Il forte incremento delle tecnologie, l’irruzione rumorosa dell’intelligenza artificiale, la diffusione nell’etere di strumenti di trasmissione e di controllo e altre importantissime innovazioni – che rendono più facile la vita degli esseri umani – richiedono ai giovani, che via via si immettono nella società, anche a titolo lavorativo, maggiori capacità e cognizioni sul funzionamento delle stesse.
Per cui diventa più pressante e insistente la rituale domanda che sedicenni, ventiseienni e trentaseienni devono porsi: “Che cosa farò da grande?”.
In altri termini, ogni persona che via via cresce e si immette nel sistema deve avere chiare le idee sul proprio ruolo nel futuro della Comunità e nel proprio futuro, cosicché non si troverà in balia degli altri o di fatti e circostanze che non ha mai studiato e quindi non subirà le conseguenze di eventi che non ha previsto. Non perché imprevedibili, ma perché non ci ha pensato per tempo.
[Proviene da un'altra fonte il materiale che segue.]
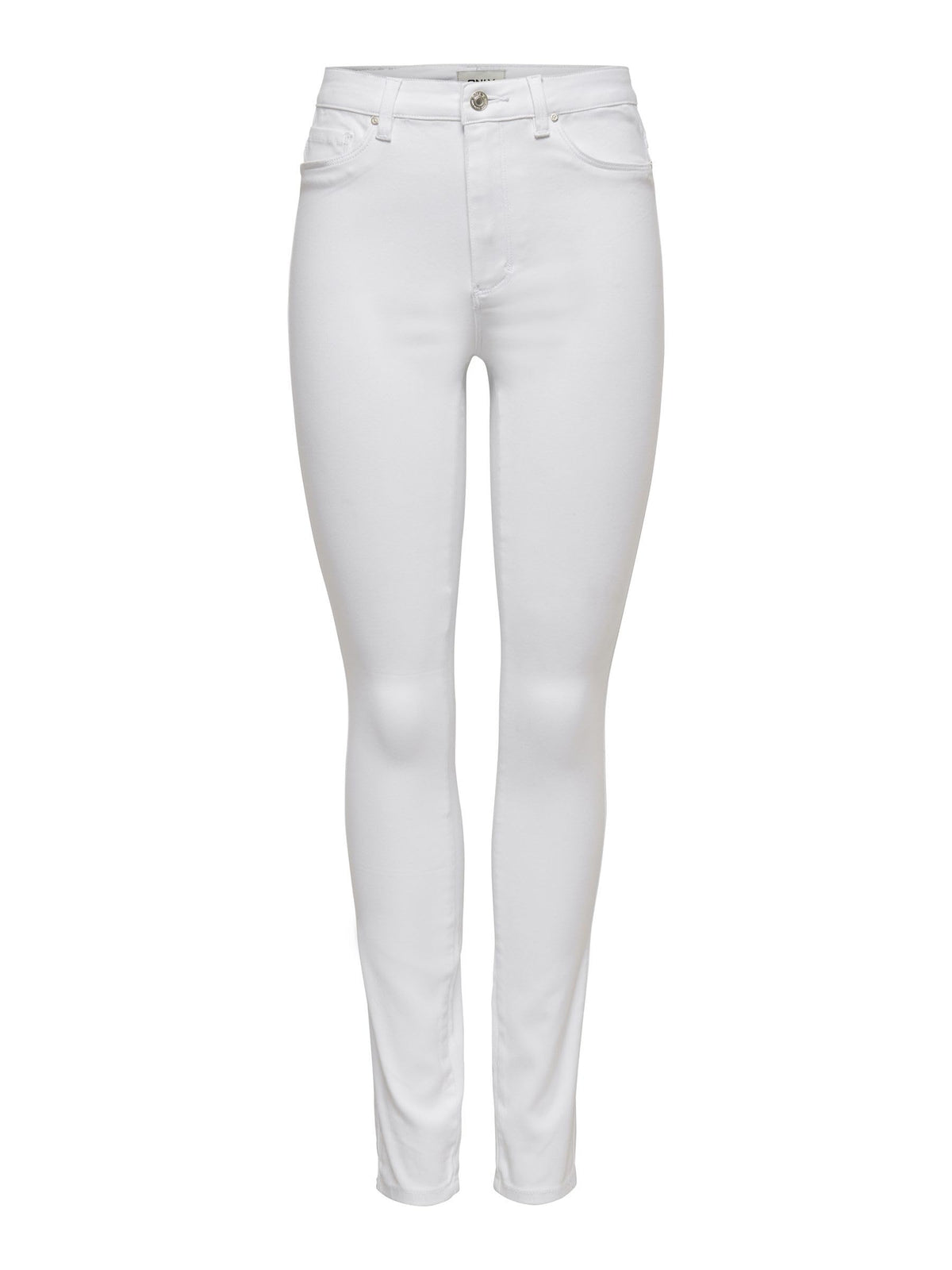 ONLY Onlroyal High Waist Skinny Fit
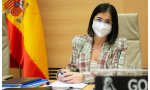 Carolina Darias nos vende la vacuna de AstraZeneca, pero no cuela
Dunque, intorno ai sedici anni bisogna porsi quella fatidica domanda. Perché indichiamo quest’età critica? La risposta è nei fatti: una persona di quell’età si trova all’incirca a metà degli studi di maturità ed è proprio in quel momento che deve pensare a cosa vuole fare dopo, perché già durante gli approfondimenti che compie, deve attuare certe scelte, in modo che esse possano connettere le conoscenze che si acquisiscono con quelle che si progetta di acquisire nel futuro.
Chi prevede provvede. Anticipare i tempi nella crescita e nella maturazione di una persona significa trovarsi meglio nel futuro, evitando brutte sorprese, secondo il motto: La migliore sorpresa è non avere sorprese.
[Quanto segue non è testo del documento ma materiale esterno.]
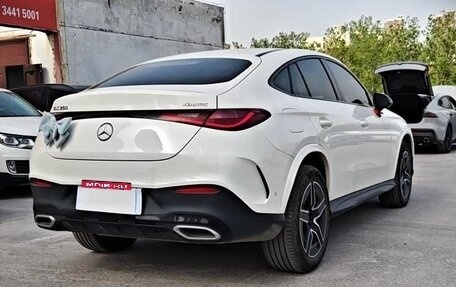 Mercedes-Benz GLC, 2024 год, 6 270 000 рублей, 8 фотография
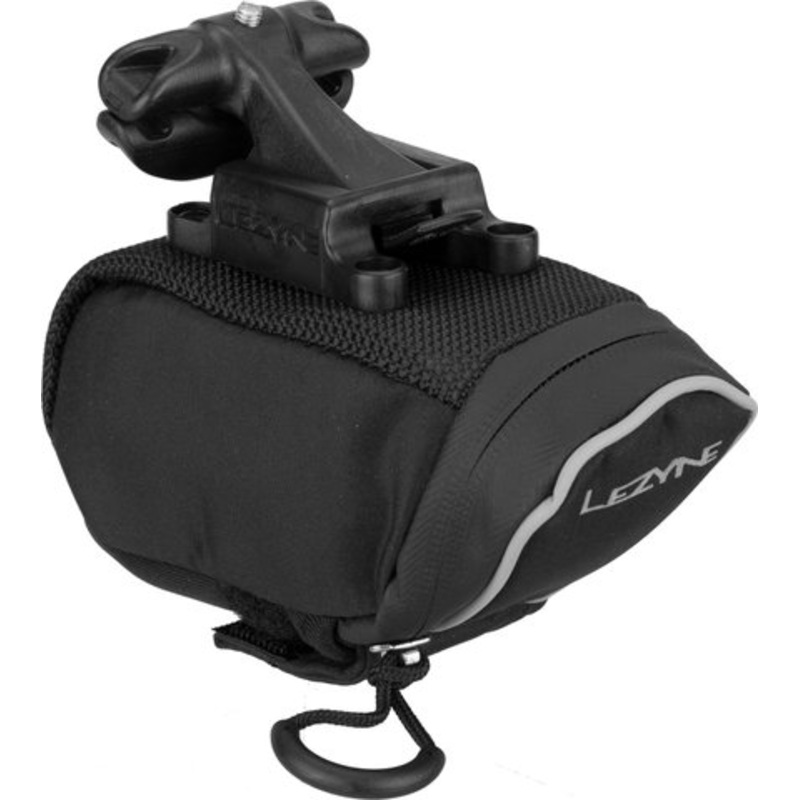 Lezyne Micro Caddy QR Saddle Bag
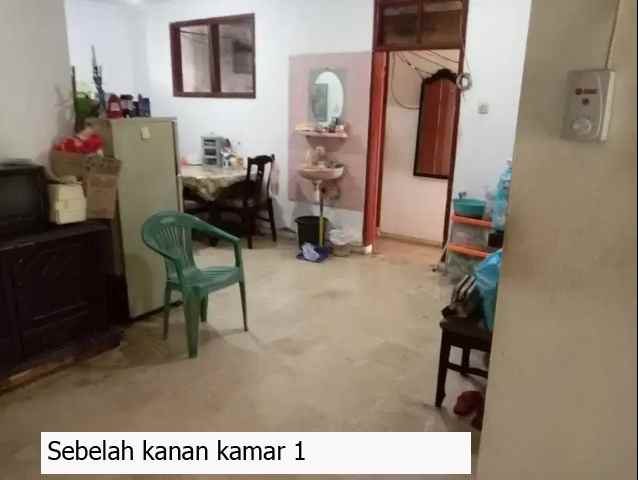 jual rumah di cimanggis depok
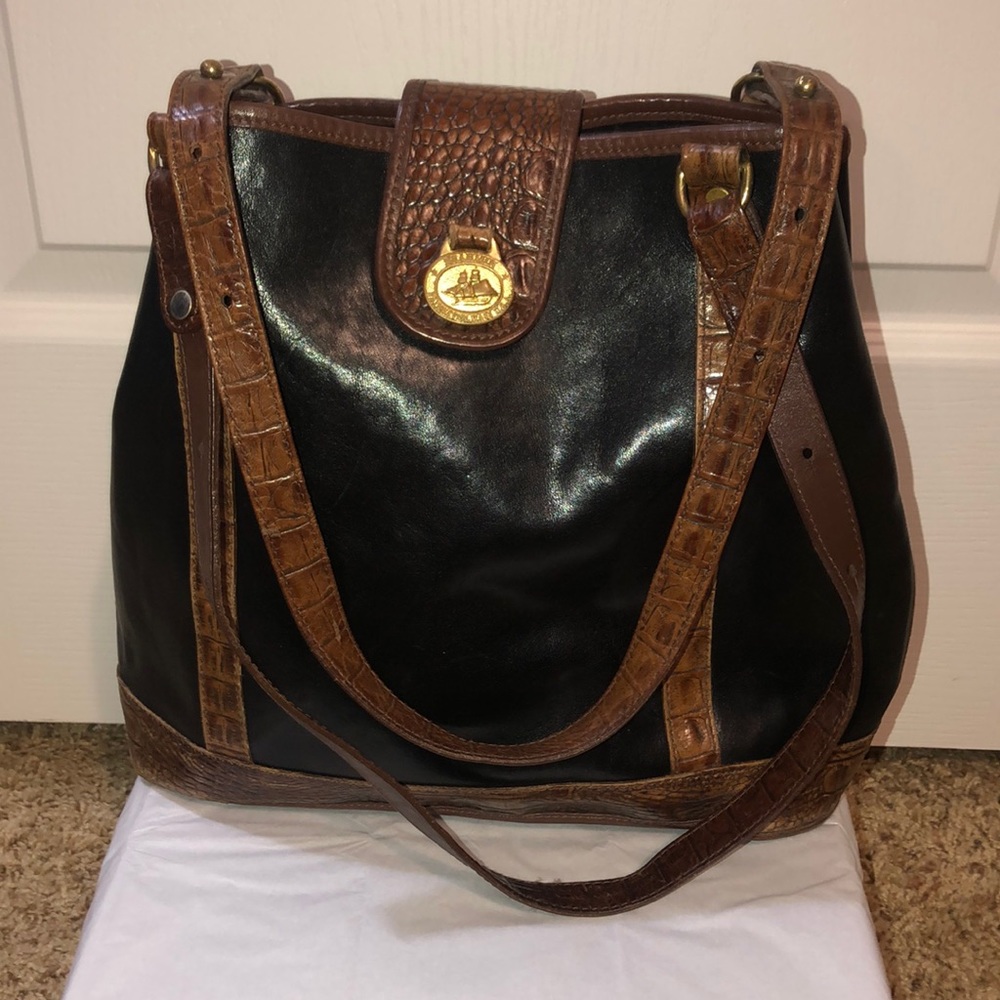 Brahmin purse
Non è un gioco di parole, ma un modo concreto di operare senza lasciarsi andare a voli pindarici o ad atti illusori, che pongono fuori dalla realtà la vita dei giovani e spesso anche quella degli adulti.
Questo modo di agire non deve privare le persone dei sogni, perché essi sono necessari, a condizione che si distinguano dalla realtà. è bello sognare, ma restando con i piedi ancorati a terra.
Vi sono persone, ancora in età acerba, che non pensano al loro futuro, oppure vi pensano in maniera superficiale e inconsistente. Così facendo avranno brutte sorprese perché, lo ribadiamo, quasi sempre le sorprese sono brutte.
Naturalmente la responsabilità di pensare al proprio futuro non è solo dei giovani, ma anche dei loro genitori, dei professori e delle professoresse di scuola e università e anche di tanta gente che si va incontrando nella vita, facendo attenzione a distinguere quelle per bene da quelle per male.
Si dice che l’esempio viene dall’alto ed è vero. Se una classe dirigente nella società, o i genitori nella famiglia non sono i primi a dare l’esempio di probità, onestà e capacità, è chiaro che chi li guarda come modelli li imiterà, nel bene e nel male.
Dunque, le persone adulte hanno una precisa responsabilità nei confronti dei giovani, sia nel dar loro consigli e indirizzi basati su principi etici millenari, sia e soprattutto dar loro il buon esempio di concretezza, equità e di tutti quegli attributi prima elencati.
Vi è un’altra categoria di cittadini e cittadine che deve dare l’esempio e che deve contribuire alla crescita morale dei giovani e al comportamento equo di cittadini e cittadine.
Questa categoria è quella dei giornalisti, cioè coloro che fanno informazione. Un’informazione completa, precisa, obiettiva ed equilibrata aiuta i lettori e le lettrici a crescere, perché permette loro di comprendere meglio i fatti e basarsi su di essi. Quando invece si diffonde una cattiva informazione, con il solo scopo di fare rumors, evidentemente ci si comporta al di fuori del Codice etico dei giornalisti e si rende un pessimo servizio a chi legge.
I giornalisti che si comportano in tal modo dovrebbero autocensurarsi e, addirittura, uscire dal mondo dell’informazione.
Progettare il futuro non è solo un obiettivo per i più giovani, ma anche per chi ha raggiunto la terza e la quarta età; un futuro che non necessariamente si trova nell’Aldiqua, ma che potrebbe trovarsi anche nell’Aldilà.